SOURCE INFORMATION =
★ ★ ★
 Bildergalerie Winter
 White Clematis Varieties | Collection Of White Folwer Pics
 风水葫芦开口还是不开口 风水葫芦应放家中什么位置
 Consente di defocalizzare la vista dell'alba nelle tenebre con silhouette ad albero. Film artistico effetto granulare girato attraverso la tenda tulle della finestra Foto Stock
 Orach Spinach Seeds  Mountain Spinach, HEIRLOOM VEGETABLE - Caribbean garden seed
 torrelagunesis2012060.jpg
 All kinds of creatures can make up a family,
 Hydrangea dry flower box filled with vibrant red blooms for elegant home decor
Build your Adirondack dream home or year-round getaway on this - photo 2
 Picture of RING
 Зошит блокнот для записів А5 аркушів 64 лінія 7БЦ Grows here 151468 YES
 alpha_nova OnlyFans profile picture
★ ★ ★
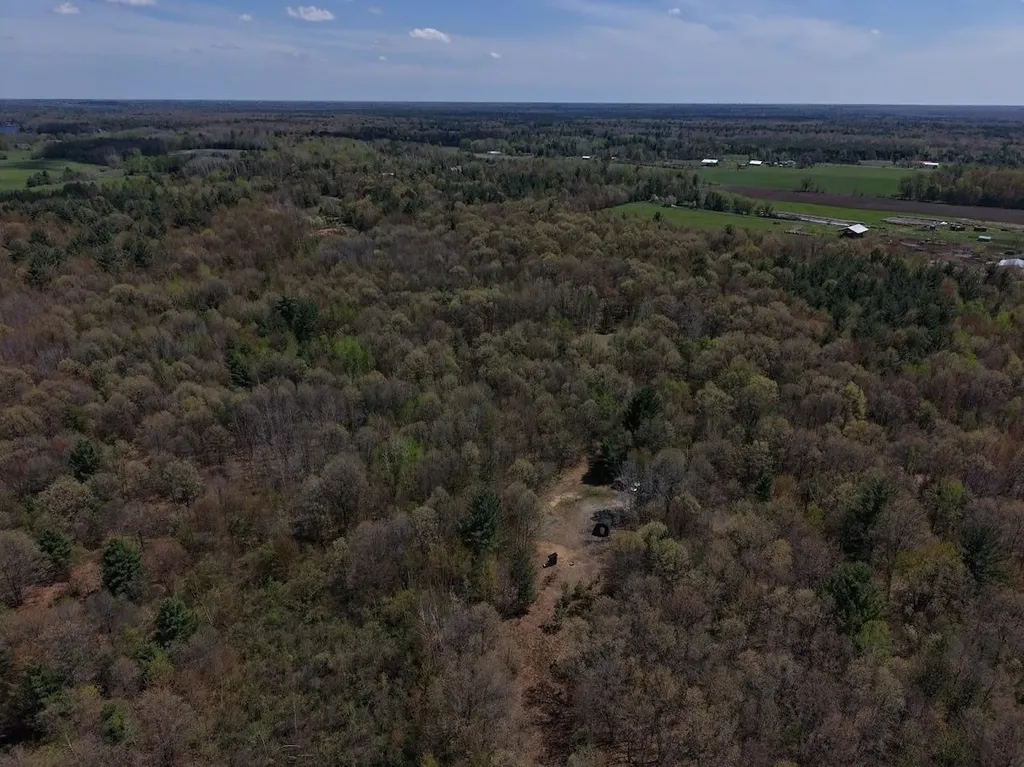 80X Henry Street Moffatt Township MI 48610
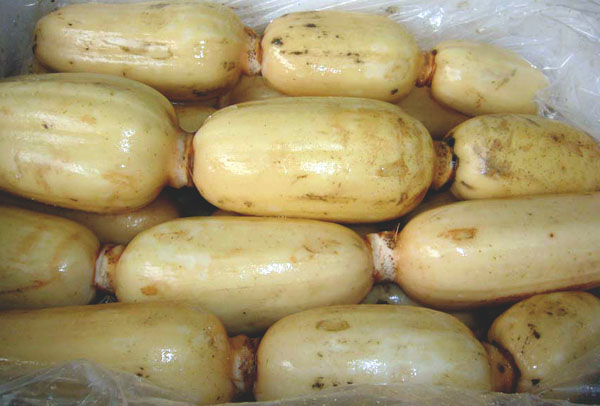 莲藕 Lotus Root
★ ★ ★
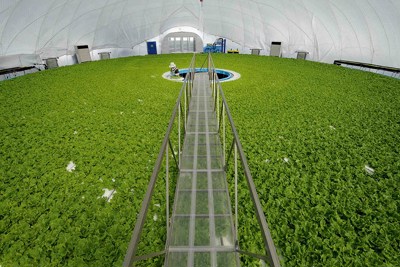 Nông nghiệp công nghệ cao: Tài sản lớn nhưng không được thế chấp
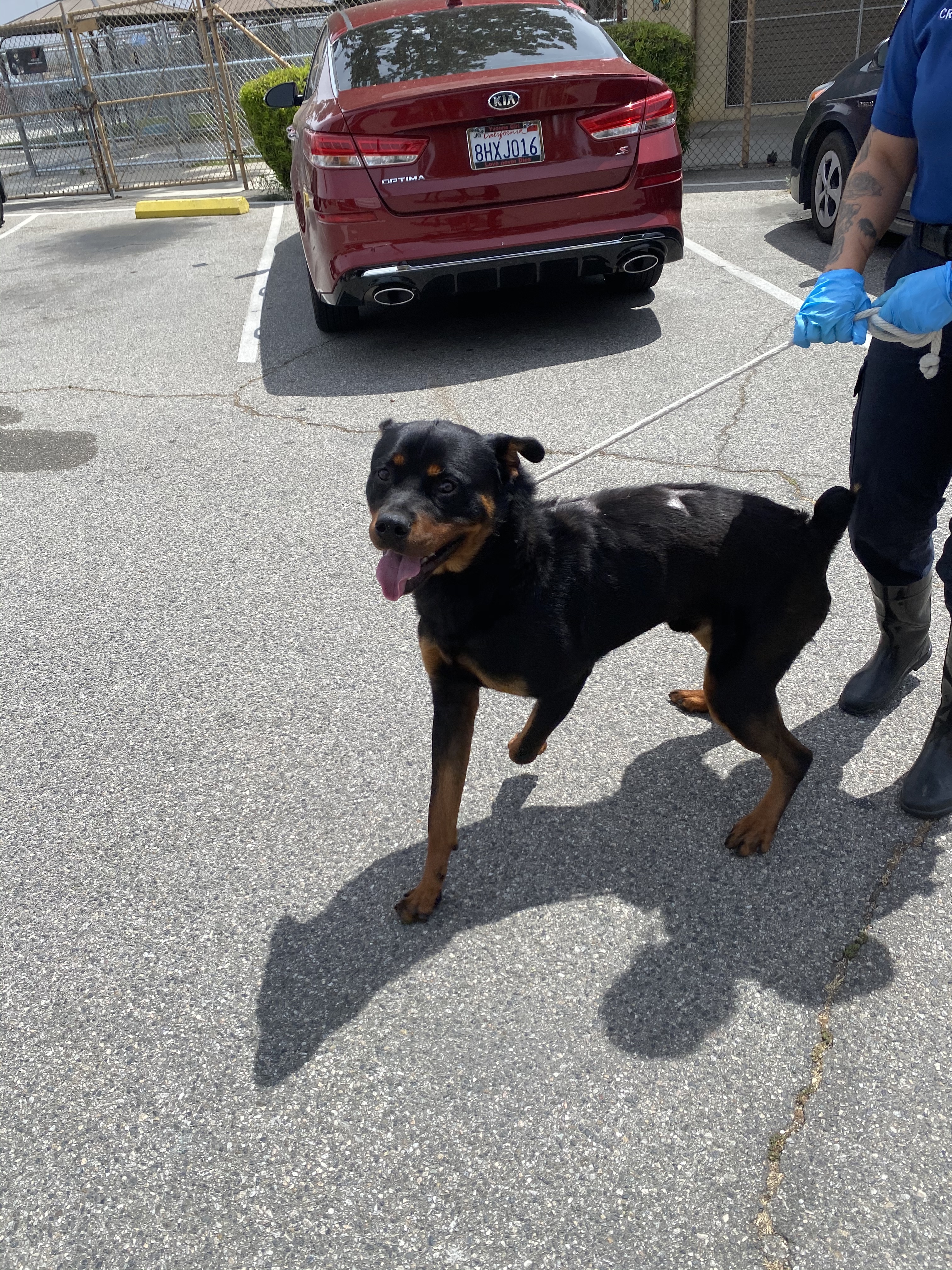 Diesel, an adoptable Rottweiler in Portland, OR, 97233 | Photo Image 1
★ ★ ★
INSTRUCTIONS TO FOLLOW = Could you restate word for word the lines above, from the one that contains "Bildergalerie Winter" through the one that contains "风水葫芦开口还是不开口 风水葫芦应放家中什么位置", and no others?

ANSWER TO THE EXERCISE =
 Bildergalerie Winter
 White Clematis Varieties | Collection Of White Folwer Pics
 风水葫芦开口还是不开口 风水葫芦应放家中什么位置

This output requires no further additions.